Publications & AUDIO
Our case reports and webinars featuring the report writers can be found below. More case reports and documents analyzing multiple cases' findings are pending.
Article: Refugees in Towns: Experiences of Integration
In this Forced Migration Review article, RIT PI Karen Jacobsen presents the project, why it is of importance in our current political climate, and what the project seeks to achieve. She explains how RIT's case studies are designed, and what information they include. She also shares how individuals living in towns experiencing refugee integration can contribute to the RIT project.
Integration in a Small New England Town
Case Report: Augusta, Maine, USA
The Augusta report explores primarily Middle Eastern refugees who arrived as "secondary" migrants to a small town in Maine. They have experienced a range of challenges and successes integrating with "Old Mainer" society, facing a pervasive attitude of scarcity among residents whose ancestors arrived as French Canadian economic migrants generations ago. After describing the integration challenges with Augusta's public services, housing market, and cultural barriers, the report offers a glimmer of hope with "World to Table," a "culinary diplomacy" venue started by the authors.
Your US Neighbor: The experiences of Syrian Refugees in the American South
Case Report: Austin, Texas, USA
The Austin case study looks at Syrian refugees living in the deep American southwest, and how their wellbeing impacts their experiences with integration. The author, herself a Syrian migrant to the US, shares a depth of experience with shifting identity, belonging, and ability to live and thrive in Austin, documenting everything from learning cultural norms and mannerisms to driving and understanding street signs.
CASE REport: Belgrade, Serbia
The Belgrade case study explores the relationship between the European migrant crisis and political movements in Serbia.

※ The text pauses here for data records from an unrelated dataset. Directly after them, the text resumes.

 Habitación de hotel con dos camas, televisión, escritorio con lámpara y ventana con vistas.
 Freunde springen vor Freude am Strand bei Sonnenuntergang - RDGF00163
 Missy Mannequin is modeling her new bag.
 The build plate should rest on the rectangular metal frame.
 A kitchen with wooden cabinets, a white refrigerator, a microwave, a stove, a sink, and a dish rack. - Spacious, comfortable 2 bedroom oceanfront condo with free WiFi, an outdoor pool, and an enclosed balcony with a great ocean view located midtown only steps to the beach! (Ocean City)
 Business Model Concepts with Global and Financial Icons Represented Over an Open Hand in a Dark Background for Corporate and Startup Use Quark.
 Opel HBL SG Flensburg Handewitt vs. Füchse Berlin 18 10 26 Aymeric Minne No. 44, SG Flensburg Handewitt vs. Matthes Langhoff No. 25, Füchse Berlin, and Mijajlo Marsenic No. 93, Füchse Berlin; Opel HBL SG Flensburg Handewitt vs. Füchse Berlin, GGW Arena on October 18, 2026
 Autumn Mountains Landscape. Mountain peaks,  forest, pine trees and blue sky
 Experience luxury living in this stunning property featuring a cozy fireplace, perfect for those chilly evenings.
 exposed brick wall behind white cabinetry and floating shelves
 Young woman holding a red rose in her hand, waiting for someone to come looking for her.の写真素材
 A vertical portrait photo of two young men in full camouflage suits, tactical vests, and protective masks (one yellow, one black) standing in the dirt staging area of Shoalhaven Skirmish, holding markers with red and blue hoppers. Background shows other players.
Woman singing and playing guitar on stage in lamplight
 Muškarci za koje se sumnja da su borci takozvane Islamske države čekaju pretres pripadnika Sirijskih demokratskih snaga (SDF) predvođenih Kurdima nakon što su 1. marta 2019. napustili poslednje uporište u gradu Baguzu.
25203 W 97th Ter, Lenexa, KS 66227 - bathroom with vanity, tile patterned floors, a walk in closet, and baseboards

It looks at the role of Belgrade as a transit hub for waves of forced migrants, and at the effects of policies to manage migration flows (e.g. counter-smuggling, transit center shut-downs, and restrictions on humanitarian agencies) on the lived experiences of migrants, Serbians, and aid workers who live, work, and pass through the city. The report was conducted and written by two residents of Belgrade who draw from personal experience with displacement from the recent Balkans region conflict.
Getting by on the Margins: Sudanese and Somali Refugees
Case Report: Cairo, Egypt
The Cairo report shares the experiences of Egypt's largely overlooked Sudanese, Ethiopian, Eritrean, South Sudanese, and Somali refugees, as well as their impact on the several neighborhoods in the city. With next to no meaningful opportunities for local integration, minimal assistance from the international community, and no path to citizenship, future prospects for refugees in Cairo are dim. Yet, despite enduring high levels of racist and xenophobic harassment, abuse, and violence, Cairo’s refugees make the most out of a difficult situation and persevere to develop and sustain their communities. The report draws on the author's years of experience as a case worker for refugees in Cairo, and benefits from the viewpoints of two research assistants who are themselves sub-Saharan African refugees living in Cairo.
CASE Report: Cape town, South Africa
The Cape Town report focuses on the educational integration of 15-20-year-old first-generation immigrant pupils in four different schools of Cape Town, and their difficulties with permits, language and cultural barriers, and views of prejudice toward them. The author is himself a migrant to Cape Town from Zimbabwe who has undergone the long process of integration, and presents his own experiences and social network in the city. The report concludes with some recommendations to improve the integration of migrant children in the schools of Cape Town.
Planting the Seeds of an Inclusive Culture
Case Report: Concord, New Hampshire, USA
The Concord report looks from the eyes of a lifelong resident on a city that has worked to make itself a local bastion of inclusiveness against anti-immigrant rhetoric at the national level. The report focuses on experiences of high school students, who in many cases have set the tone for the city when outbursts of xenophobia have occurred. Despite the intentions of many Concord residents to make the city welcoming and inclusive, however, the report identifies some obstacles to integration, especially the clustering of migrants in low income housing census tracts of the city.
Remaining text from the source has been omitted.